From 1152a30ad7c522ced9be64460f7f8cc37761f98d Mon Sep 17 00:00:00 2001
From: Daniel Eduardo Villarreal Jaime <u0168535@kuleuven.be>
Date: Tue, 2 Dec 2025 19:52:35 +0100
Subject: [PATCH 1/7] Added Precision-REcall curve in probscores, similar to
 ROC curve but better for imbalanced distribution

---
 pysteps/verification/probscores.py | 149 +++++++++++++++++++++++++++++
 1 file changed, 149 insertions(+)

diff --git a/pysteps/verification/probscores.py b/pysteps/verification/probscores.py
index f1eb398ba..96425a684 100644
--- a/pysteps/verification/probscores.py
+++ b/pysteps/verification/probscores.py
@@ -20,6 +20,10 @@
     ROC_curve_init
     ROC_curve_accum
     ROC_curve_compute
+    PR_curve
+    PR_curve_init
+    PR_curve_accum
+    PR_curve_compute
 """
 
 import numpy as np
@@ -421,3 +425,148 @@ def ROC_curve_compute(ROC, compute_area=False):
         return POFD_vals, POD_vals, area
     else:
         return POFD_vals, POD_vals
+
+
+def PR_curve(P_f, X_o, X_min, n_prob_thrs=10, compute_area=False, compute_prevalence=False):
+    """
+    Compute the Precision-Recall curve, its area, and optionally the prevalence baseline.
+
+    Parameters
+    ----------
+    P_f: array_like
+      Forecasted probabilities for exceeding the threshold specified in the PR object.
+      Non-finite values are ignored.
+    X_o: array_like
+      Observed values. Non-finite values are ignored.
+    X_min: float
+      Precipitation intensity threshold for yes/no prediction.
+    n_prob_thrs: int
+      The number of probability thresholds to use.
+      The interval [0,1] is divided into n_prob_thrs evenly spaced values.
+    compute_area: bool, optional
+      If True, compute the area under the Precision-Recall curve.
+    compute_prevalence: bool, optional
+      If True, compute and return the prevalence baseline (fraction of positives).
+
+    Returns
+    -------
+    out: tuple
+      A two-element tuple containing precision and recall for the probability thresholds.
+      If compute_area is True, return the area under the PR curve as an extra element.
+      If compute_prevalence is True, return the prevalence baseline as an extra element.
+    """
+    P_f = P_f.copy()
+    X_o = X_o.copy()
+    pr = PR_curve_init(X_min, n_prob_thrs)
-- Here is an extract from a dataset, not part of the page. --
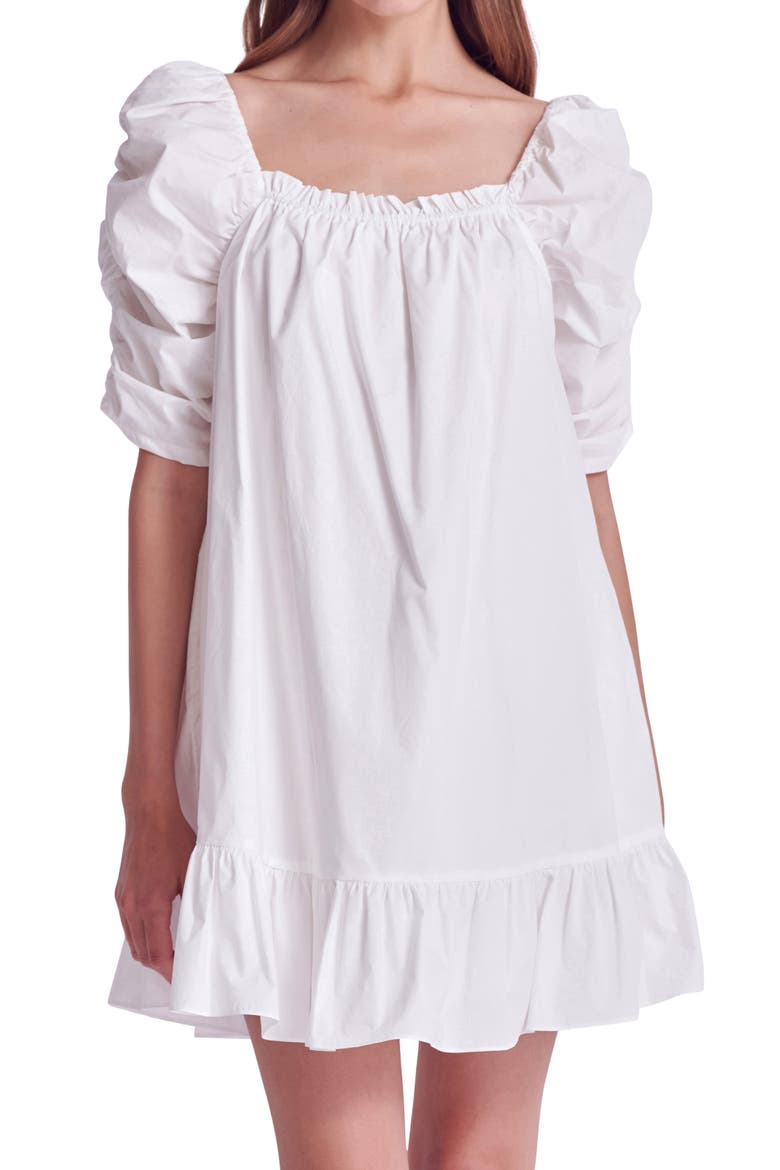 Puff Sleeve Cotton Shift Dress, Alternate, color, WHITE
+    PR_curve_accum(pr, P_f, X_o)
+    return PR_curve_compute(pr, X_o, X_min, compute_area, compute_prevalence)
+
+
+def PR_curve_init(X_min, n_prob_thrs=10):
+    """
+    Initialize a Precision-Recall curve object.
+
+    Parameters
+    ----------
+    X_min: float
+      Precipitation intensity threshold for yes/no prediction.
+    n_prob_thrs: int
+      The number of probability thresholds to use.
+      The interval [0,1] is divided into n_prob_thrs evenly spaced values.
+
+    Returns
+    -------
+    out: dict
+      The PR curve object containing counters for hits, misses, false alarms,
+      correct negatives, and the probability thresholds.
+    """
+    PR = {}
+    PR["X_min"] = X_min
+    PR["hits"] = np.zeros(n_prob_thrs, dtype=int)
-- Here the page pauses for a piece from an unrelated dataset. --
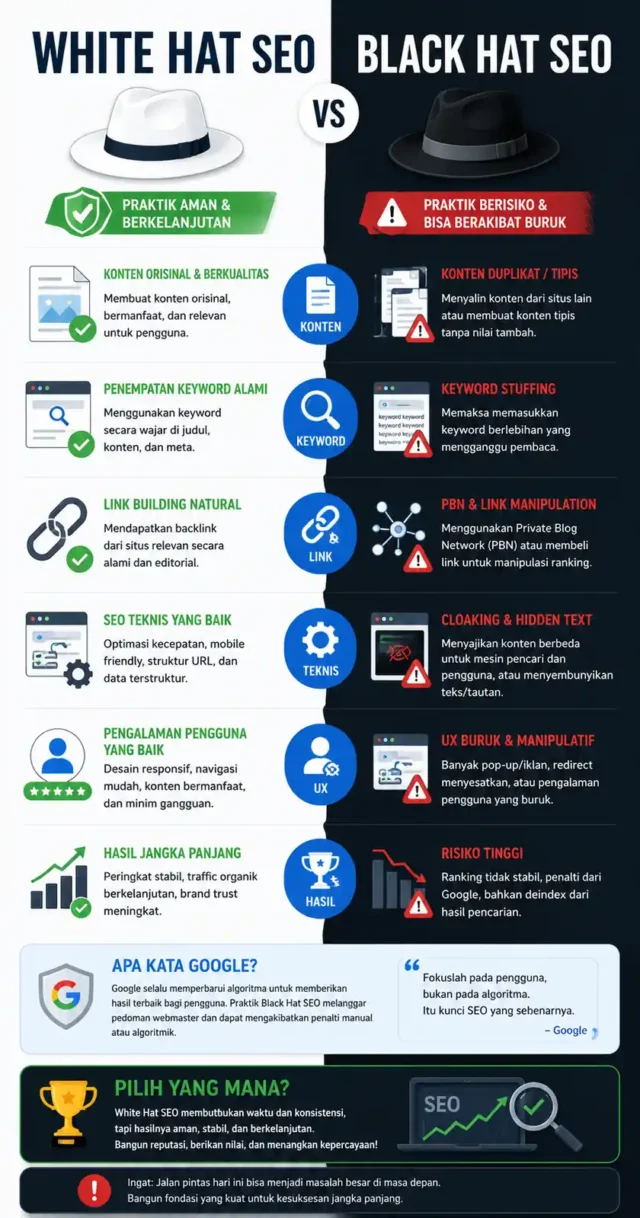 infografis perbandingan white hat vs black hat SEO dulu vs sekarang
+    PR["misses"] = np.zeros(n_prob_thrs, dtype=int)
+    PR["false_alarms"] = np.zeros(n_prob_thrs, dtype=int)
+    PR["corr_neg"] = np.zeros(n_prob_thrs, dtype=int)
+    PR["prob_thrs"] = np.linspace(0.0, 1.0, int(n_prob_thrs))
+    return PR
+
+
+def PR_curve_accum(PR, P_f, X_o):
+    """
+    Accumulate the given probability-observation pairs into the given PR object.
+
+    Parameters
+    ----------
+    PR: dict
+      A PR curve object created with PR_curve_init.
+    P_f: array_like
+      Forecasted probabilities for exceeding the threshold specified in the PR object.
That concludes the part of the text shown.